There was no one working here today at all. Some clapboard siding had been put on, but mostly the exterior and interior walls of the house rose only as widely spaced studs of clean, new wood. This would be a Cape Cod when it was done; at the moment a ladder led to the upper floor in place of the staircase that hadn’t yet been built.

Parker climbed up the ladder and looked around. This would be the attic. No internal partitions had been erected at all, but a full plywood flooring had been put down.

Sitting on a sawhorse over by the edge of the building, Parker could look down along the two blocks intervening and see Detective Dougherty’s house and garage and driveway.

Parker lit a cigarette and waited.

Four

It was a DeSoto, six or seven years old, that finally made the turn into the driveway of 719 Laurel Road. It rolled on into the garage, and Parker got to his feet and stretched.

It had been a longer wait than he’d figured. If Dougherty was running the murder investigation, he’d been on duty since at least midnight last night, but here it was almost four o’clock in the afternoon before he got home.

Driving a DeSoto. In a year or two, if he kept saving his pennies, he could trade up to an Edsel. And after that a Studebaker.

The sun was turning red off to Parker’s right. Shadows were long, and yards and walks were deserted. Half an hour ago there’d been a flurry of homecoming schoolchildren, and in about an hour there’d be another flurry of homecoming fathers, but for now Laurel Road was empty.

Parker climbed back down out of the half-house and across the planks and dirt to the street. He left the Buick where it was and walked down the two curving blocks to 719. He went up the walk and rang the front doorbell. The lawn here was in bad shape, and the aluminium storm door had an aluminum D in the middle of it. Detective Dougherty’s wife opened the front door. Parker knew it was the wife because Dougherty surely couldn’t afford a maid. She looked at him, faintly worried, faintly apologetic, faintly distracted, faintly present: the manner of the little housewife to the stranger at the door.

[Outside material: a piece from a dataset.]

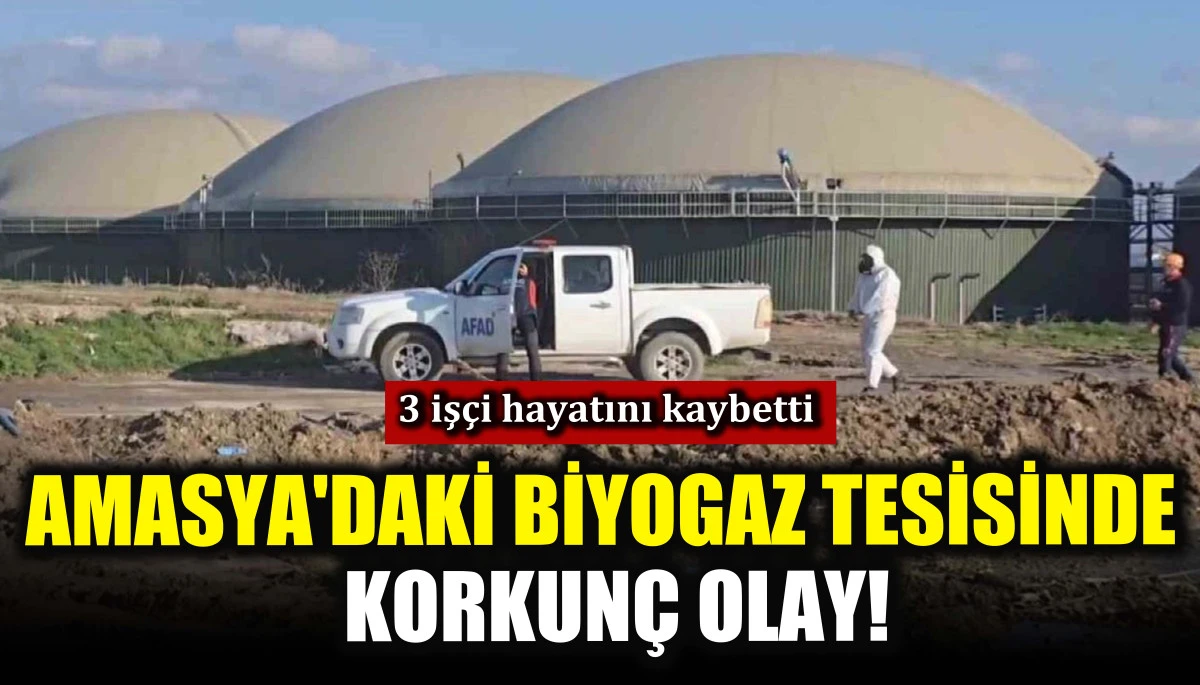 Amasya'daki biyogaz tesisinde korkun&ccedil; olay!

Parker said, ‘I want to talk to Detective Dougherty.’ Now she was more worried, more apologetic. ‘I don’t think -‘

He knew she wanted to get across the facts that her husband was sitting down to warmed-over roast and planned to go straight to bed after that, but she didn’t know how to say it all in the blank polite bloodless phrases to which the circumstances had her limited. He broke in while she was hunting around for more words, and told her, ‘It’s about the case he’s on, the Ellen Canaday case. You tell him that.’

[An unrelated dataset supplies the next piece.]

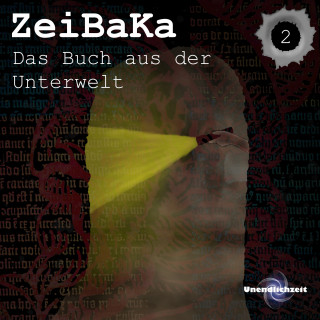 Niklas Baumgarten: ZeiBaKa - Das Buch aus der Unterwelt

Now she had something specific to do, she was obviously relieved. She said, ‘Wait here, please,’ and shut the storm door. But she was afraid of offending him somehow, so she left the inner door open, and Parker could look-directly into a small living room bulging with sofa and littered with copies of The Saturday Evening Post.

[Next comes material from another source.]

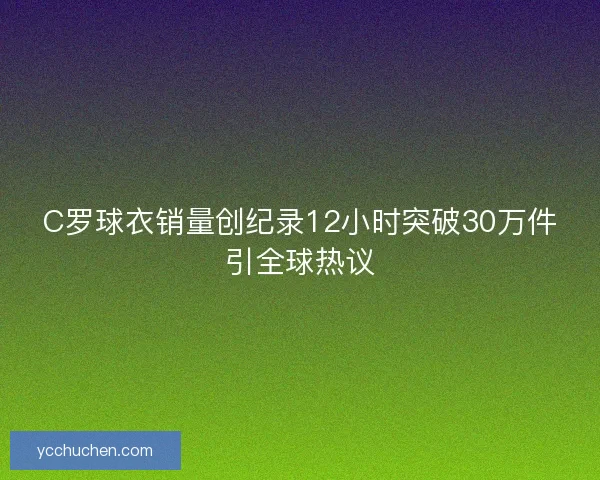C罗球衣销量创纪录12小时突破30万件引全球热议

He waited a couple of minutes, and then Detective Dougherty himself came to the door. He was no more than thirty, but he had all the style of fifty; dressed in his undershirt and trousers and a pair of brown slippers, carrying a rolled napkin in his left hand, walking with the male approximation of a woman in late pregnancy. He wasn’t stout at all, but he gave an impression of soft overweight. His round face was gray with lack of sleep and the need of a shave, and his dry brown hair had already receded from his forehead.